Martine D., elle, est abonnée à Wanadoo en bas débit. Juste avant les vacances, coup de fil d’une commerciale de Wanadoo. Qui lui place un accès haut débit : «Elle m’offrait de l’ADSL en illimité pour 14,95 euros, se souvient Martine, cela me paraissait superavantageux.» Elle demande qu’on lui fasse une offre écrite. En fait de proposition, elle reçoit un paquet par la Poste : c’est un modem. Il y a quinze jours, Martine est allée le rendre dans une agence France Télécom. Malgré deux interventions à ses frais d’un technicien et de longues minutes pendue à la hot line de Wanadoo, son accès haut débit refuse de fonctionner. Pire, son PC aussi. En guise de solution, France Télécom lui avait proposé de rapporter son modem (gratuit) et de l’échanger contre un autre, payant (à 30 euros), sans garantie que cela fonctionne. Cerise sur sa connexion, Martine vient de découvrir que son abonnement au prétendu haut débit était bridé en fait à 128 kbps (au lieu des 512 kbps annoncés) et surtout que sa prétendue connexion illimitée était limitée… à 20 heures par mois !

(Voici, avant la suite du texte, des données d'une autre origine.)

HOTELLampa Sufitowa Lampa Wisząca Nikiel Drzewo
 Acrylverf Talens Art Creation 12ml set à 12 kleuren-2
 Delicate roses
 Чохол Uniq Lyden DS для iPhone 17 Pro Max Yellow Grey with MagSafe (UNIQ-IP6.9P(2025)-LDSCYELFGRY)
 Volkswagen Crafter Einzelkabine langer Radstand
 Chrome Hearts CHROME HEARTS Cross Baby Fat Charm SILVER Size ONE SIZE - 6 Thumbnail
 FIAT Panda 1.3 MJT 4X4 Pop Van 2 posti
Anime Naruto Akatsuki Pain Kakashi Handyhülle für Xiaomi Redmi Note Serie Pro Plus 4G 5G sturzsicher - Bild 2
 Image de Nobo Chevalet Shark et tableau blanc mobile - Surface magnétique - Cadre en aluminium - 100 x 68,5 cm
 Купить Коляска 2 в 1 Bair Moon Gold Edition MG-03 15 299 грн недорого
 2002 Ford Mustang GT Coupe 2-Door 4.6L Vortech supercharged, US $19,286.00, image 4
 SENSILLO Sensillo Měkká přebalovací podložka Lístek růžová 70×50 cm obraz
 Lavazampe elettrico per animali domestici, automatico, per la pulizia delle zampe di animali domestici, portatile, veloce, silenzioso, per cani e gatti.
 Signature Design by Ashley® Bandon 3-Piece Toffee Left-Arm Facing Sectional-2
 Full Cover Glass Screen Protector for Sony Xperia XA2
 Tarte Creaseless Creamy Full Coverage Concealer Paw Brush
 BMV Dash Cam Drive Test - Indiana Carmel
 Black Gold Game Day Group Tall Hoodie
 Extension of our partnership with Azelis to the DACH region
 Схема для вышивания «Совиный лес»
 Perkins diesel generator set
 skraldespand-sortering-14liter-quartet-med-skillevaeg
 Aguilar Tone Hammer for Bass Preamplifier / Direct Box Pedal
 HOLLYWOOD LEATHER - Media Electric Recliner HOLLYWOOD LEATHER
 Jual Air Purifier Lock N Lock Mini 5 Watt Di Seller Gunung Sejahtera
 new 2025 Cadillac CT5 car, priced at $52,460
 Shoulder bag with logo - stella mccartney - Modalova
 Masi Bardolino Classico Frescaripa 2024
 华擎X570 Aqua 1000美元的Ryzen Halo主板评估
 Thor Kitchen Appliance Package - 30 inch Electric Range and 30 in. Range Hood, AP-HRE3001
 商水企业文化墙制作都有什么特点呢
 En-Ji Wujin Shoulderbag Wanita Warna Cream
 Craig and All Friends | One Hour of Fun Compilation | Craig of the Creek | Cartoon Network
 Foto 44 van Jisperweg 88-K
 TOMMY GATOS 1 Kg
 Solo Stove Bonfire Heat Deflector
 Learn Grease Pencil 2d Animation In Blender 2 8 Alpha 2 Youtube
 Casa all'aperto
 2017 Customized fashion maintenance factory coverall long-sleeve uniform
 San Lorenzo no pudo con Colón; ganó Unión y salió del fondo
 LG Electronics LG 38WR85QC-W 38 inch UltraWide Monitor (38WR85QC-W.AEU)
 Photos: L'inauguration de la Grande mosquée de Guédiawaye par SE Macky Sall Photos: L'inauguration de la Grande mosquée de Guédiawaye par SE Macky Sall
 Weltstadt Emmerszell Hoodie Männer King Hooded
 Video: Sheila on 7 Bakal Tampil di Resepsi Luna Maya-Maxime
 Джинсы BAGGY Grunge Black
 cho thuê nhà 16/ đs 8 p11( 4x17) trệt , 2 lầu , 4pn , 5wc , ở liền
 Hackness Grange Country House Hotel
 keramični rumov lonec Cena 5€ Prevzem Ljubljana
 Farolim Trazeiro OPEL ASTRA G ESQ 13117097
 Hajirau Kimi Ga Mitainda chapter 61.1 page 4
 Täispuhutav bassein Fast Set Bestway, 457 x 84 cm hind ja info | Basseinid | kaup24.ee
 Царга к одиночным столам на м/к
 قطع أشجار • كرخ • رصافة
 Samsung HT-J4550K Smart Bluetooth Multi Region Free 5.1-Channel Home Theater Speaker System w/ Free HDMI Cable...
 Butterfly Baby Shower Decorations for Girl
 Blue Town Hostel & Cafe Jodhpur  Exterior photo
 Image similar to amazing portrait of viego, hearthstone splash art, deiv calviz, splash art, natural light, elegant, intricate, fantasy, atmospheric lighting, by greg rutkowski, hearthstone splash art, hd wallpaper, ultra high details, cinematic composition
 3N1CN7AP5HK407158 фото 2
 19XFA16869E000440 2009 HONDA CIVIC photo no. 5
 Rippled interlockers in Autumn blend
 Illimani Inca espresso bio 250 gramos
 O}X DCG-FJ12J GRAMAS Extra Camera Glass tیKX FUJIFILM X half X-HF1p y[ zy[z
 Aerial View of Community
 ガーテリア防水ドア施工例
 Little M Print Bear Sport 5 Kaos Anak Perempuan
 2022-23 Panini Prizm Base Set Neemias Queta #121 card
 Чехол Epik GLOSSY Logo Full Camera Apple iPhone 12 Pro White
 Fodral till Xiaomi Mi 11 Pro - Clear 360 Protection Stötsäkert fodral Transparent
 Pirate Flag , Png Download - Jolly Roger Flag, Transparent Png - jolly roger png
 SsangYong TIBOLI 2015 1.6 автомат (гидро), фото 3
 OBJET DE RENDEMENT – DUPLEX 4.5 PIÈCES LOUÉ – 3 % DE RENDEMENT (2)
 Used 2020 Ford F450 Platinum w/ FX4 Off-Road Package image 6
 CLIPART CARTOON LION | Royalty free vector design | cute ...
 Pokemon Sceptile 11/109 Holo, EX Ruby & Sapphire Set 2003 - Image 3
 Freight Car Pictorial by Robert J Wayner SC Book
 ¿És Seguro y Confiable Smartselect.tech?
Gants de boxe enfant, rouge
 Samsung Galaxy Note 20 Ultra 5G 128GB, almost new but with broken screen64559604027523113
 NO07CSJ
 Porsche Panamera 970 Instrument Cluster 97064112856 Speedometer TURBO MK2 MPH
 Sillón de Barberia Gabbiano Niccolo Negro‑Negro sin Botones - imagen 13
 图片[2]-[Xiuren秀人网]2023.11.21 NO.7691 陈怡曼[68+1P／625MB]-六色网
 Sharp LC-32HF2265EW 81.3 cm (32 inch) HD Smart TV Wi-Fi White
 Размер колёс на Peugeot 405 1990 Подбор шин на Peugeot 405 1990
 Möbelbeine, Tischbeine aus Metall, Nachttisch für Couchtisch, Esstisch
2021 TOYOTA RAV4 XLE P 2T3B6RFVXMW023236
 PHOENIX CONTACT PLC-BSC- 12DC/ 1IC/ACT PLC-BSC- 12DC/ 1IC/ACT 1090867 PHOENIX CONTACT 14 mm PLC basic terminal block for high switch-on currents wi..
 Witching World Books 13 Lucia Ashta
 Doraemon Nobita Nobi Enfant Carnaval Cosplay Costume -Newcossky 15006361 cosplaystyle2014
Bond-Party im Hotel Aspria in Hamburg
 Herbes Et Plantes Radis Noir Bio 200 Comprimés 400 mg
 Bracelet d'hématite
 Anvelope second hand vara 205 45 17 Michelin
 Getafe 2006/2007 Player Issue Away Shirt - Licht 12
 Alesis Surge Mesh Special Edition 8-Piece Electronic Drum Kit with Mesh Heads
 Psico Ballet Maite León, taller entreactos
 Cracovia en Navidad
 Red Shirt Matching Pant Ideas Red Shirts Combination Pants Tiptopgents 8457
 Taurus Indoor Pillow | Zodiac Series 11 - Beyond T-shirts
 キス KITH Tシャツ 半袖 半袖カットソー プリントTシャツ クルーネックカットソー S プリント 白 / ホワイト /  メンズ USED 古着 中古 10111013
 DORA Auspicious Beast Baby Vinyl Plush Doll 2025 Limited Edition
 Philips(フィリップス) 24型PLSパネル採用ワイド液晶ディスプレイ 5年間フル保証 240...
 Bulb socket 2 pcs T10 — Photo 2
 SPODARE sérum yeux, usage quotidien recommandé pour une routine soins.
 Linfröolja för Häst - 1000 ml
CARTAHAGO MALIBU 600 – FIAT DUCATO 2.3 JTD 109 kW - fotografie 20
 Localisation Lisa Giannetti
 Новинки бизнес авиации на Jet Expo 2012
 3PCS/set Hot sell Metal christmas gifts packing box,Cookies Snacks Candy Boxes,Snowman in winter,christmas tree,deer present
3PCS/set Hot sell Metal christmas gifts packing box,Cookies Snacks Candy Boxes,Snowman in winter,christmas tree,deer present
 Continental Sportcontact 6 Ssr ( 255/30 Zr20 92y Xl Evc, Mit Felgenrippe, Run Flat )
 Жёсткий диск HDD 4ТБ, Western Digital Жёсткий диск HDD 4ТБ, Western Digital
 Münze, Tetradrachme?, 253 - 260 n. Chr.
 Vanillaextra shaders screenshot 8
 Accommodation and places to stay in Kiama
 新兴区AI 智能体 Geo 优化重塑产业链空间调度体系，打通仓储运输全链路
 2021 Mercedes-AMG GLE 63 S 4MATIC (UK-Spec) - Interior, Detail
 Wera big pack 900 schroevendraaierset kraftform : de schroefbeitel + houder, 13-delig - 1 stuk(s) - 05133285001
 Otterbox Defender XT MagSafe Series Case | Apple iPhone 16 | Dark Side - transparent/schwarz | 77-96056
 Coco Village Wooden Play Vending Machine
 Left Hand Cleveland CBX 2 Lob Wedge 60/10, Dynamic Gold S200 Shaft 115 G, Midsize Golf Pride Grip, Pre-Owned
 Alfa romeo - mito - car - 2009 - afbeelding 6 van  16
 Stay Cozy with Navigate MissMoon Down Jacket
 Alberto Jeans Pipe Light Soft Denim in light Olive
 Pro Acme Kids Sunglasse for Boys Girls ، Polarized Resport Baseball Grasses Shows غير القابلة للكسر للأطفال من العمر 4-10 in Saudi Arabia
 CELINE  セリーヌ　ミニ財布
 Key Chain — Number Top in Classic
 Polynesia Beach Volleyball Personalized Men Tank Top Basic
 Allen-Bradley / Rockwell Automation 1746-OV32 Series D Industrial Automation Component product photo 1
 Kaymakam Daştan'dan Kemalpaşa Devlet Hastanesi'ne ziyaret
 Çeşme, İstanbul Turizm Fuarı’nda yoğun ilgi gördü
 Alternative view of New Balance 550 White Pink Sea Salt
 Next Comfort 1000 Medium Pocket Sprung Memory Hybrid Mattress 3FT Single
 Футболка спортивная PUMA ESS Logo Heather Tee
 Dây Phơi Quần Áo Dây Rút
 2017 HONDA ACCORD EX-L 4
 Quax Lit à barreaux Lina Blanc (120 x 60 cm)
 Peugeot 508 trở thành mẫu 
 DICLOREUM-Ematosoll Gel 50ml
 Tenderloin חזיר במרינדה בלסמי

Brouillard sur le délai de la mise en route

Free a la cote. Et peut-être un peu trop. Si bien qu’il a du mal, parfois, à servir ses nouveaux abonnés. Avant l’été, les plaintes ont commencé de s’accumuler sur les forums Internet. Lorsqu’il s’abonne chez Free, l’internaute suit lui-même sur le site du fournisseur d’accès à l’Internet (FAI) les progrès de sa connexion. Beaucoup se retrouvent coincés à l’étape 2 : «Le raccordement de votre ligne a bien été demandé à France Télécom.» Après, c’est le trou noir : «On n’a jamais d’infos sur les délais. C’est la loterie. Il faut entre une semaine et deux mois pour tout avoir», se désole Yanzo sur www.freeks.org, site où s’épanchent les abonnés du fournisseur d’accès. «Et on ne sait jamais si c’est la faute à Free ou à France Télécom», ajoute un autre. Gilles W. a dépassé les deux mois d’attente. Sa demande de dégroupage total déposée fin juin s’est perdue dans les sables. Chez Free, on met en cause la procédure écrite et «archaïque» exigée par France Télécom. Mais, entretemps, souvent, les prélèvements ont commencé…

L’épreuve de la résiliation

A mesure que les prix dégringolent, l’internaute scotché sur une offre un peu ancienne est légitimement tenté d’aller voir ailleurs. Encore faut-il qu’il se libère de son contrat. «Chez Wanadoo, c’est infernal, constate Julien Dourgnon, spécialiste des télécoms à l’UFC-Que choisir. Ils vont parfois jusqu’à nier l’existence de la lettre recommandée de résiliation.» Chez Free, AOL et depuis peu Tele 2, il faut même payer pour avoir le droit de divorcer. Free et Tele 2 facturent la fermeture de ligne 96 euros, avec une ristourne de 3 euros par mois de fidélité.

Les abonnés maltraités

Parce qu’il est dangereux de se fâcher avec ses abonnés fidèles, les FAI les font migrer plus souvent vers leurs nouvelles offres. Comme Noos ou Neuf Télécom récemment. Sauf que la migration, chez Wanadoo ­ où elle est aléatoire ­ et chez Tele 2, s’accompagne d’une nouvelle période d’engagement… D’autres dénoncent la tricherie sur les prix affichés. Un prix d’appel bien attractif est mis en avant, mais un petit astérisque qui renvoie au bas de la publicité, comme chez Cegetel, prévient que l’abonnement remontera de 5 euros au bout d’un an… Mêmes pratiques chez Wanadoo ou Neuf Télécom.